I do not think I have ever wanted to be a Buddha. I do not remember that thought at all. I do focus on trying not to cling to my thoughts but my lifelong practice of hairsplitting has been a sanctuary as well as a war.
My fondness for making excessive distinctions in reasoning allows me to dress up old behavior as new. I may not have expressed a wish to become a Buddha, but I have desired acquiring inner peace for the rest of my life.
Quite often it feels as if I am stomping through myriad thoughts, trying to shake off first one and then the other. I am amazed at the substance I give to a thought–I walk around in it–giving it a life it does not have.

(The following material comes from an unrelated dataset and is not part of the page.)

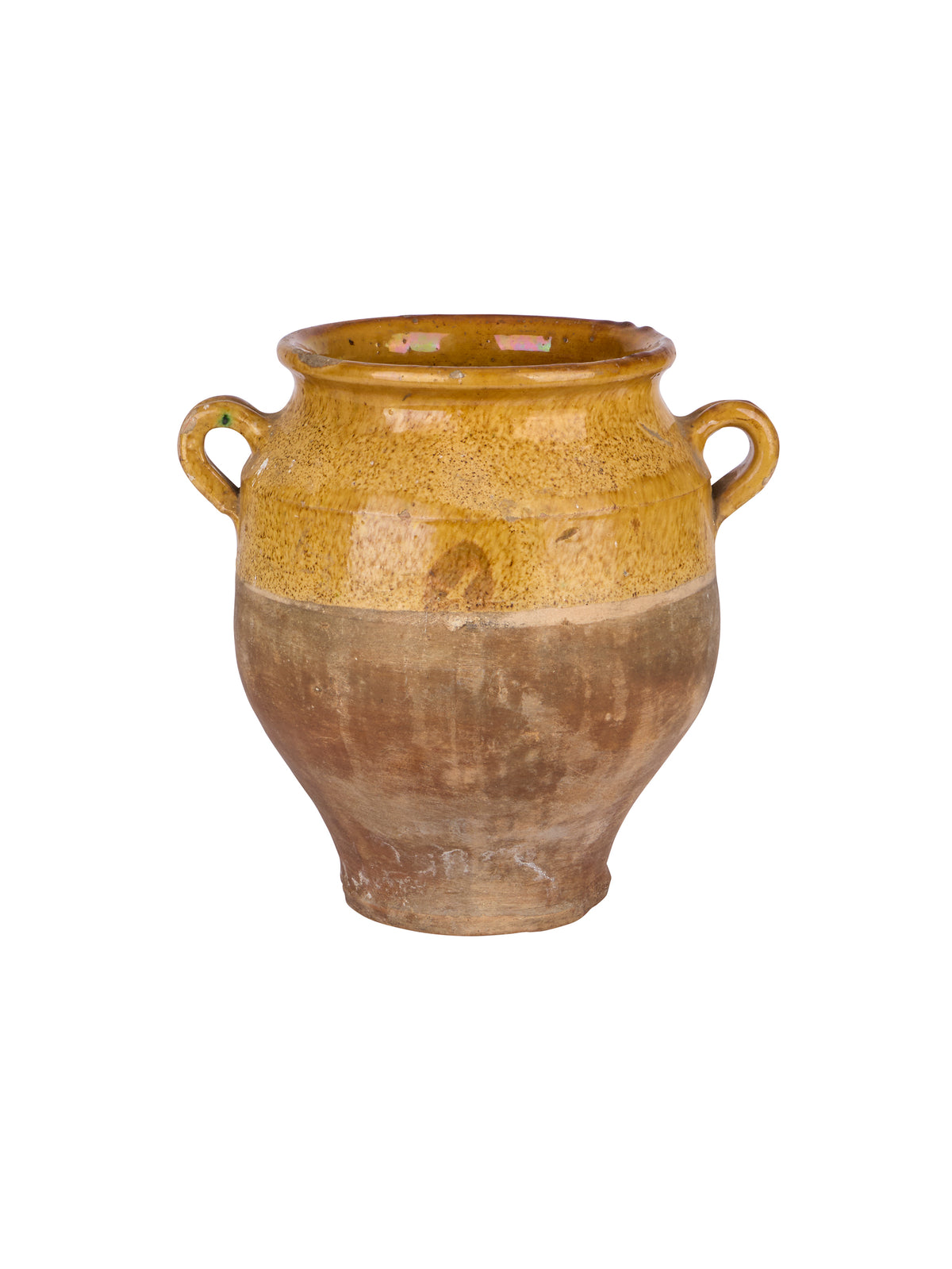 Vintage 19th Century French Terracotta Glazed Confit Pot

Usually, it is a thought I know well but until I have examined it thoroughly, I am not able to let it go. I like to think that hairsplitting serves me here, much like Ajahn Chah’s distinction between holding and clinging:
We pick up [a flashlight], look at it and see, `Oh, it’s a flashlight,’ then we put it down. This is called holding but not clinging, we let go. We know and then we let go. To put it simply we say just this, `Know, then let go.’
For me, knowing to let go requires trust, and when I do, the named thought floats by, a mere reminder of what is. However, knowing an object, a thing, is easier than meeting a familiar emotion. Yet, the practice is the same.
In fact, the practice of looking and letting go is what the mind learns to trust; Chah says that in “constancy of mind, wisdom arises.”
That constancy of mind is what I need most when emotion pulls at me, when I face patterns of a lifetime. Hairsplitting allows me to breathe between thoughts but it also makes for interesting detours.
As I began my regimen of healthy eating, meditation and yoga, I defined and redefined my practice of each as well as the union and intersection of all three. That is neither bad nor good but my initial focus was on results and now, it is to live.
In the beginning we practise with some desire in mind; we practise on and on, but we don’t attain our desire. So we practise until we reach a point where we’re practising for no return, we’re practising in order to let go.”
“Practicing for no return” would not have been what I needed to know as I began my practice. I would not have trusted it. My wishing to become a Buddha was disguised as various emotional and physical health goals. In order to change my physical and emotional being, I had to let go of trying to become a future Buddha.